▶ _What is being asked_: How many of the lines below contain "Detachable"? Reply with only that figure.

▶ _Task data_:
-=-=-
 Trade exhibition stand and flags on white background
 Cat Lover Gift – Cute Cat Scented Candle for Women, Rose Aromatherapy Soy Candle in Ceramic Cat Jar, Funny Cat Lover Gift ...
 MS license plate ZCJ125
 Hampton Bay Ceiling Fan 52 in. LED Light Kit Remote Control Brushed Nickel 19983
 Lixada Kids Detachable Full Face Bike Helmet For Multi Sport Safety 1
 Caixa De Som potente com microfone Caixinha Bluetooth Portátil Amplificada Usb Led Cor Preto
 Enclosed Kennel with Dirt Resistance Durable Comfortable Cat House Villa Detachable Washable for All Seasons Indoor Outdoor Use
-=-=-
▶ _Solution for this exercise_: 2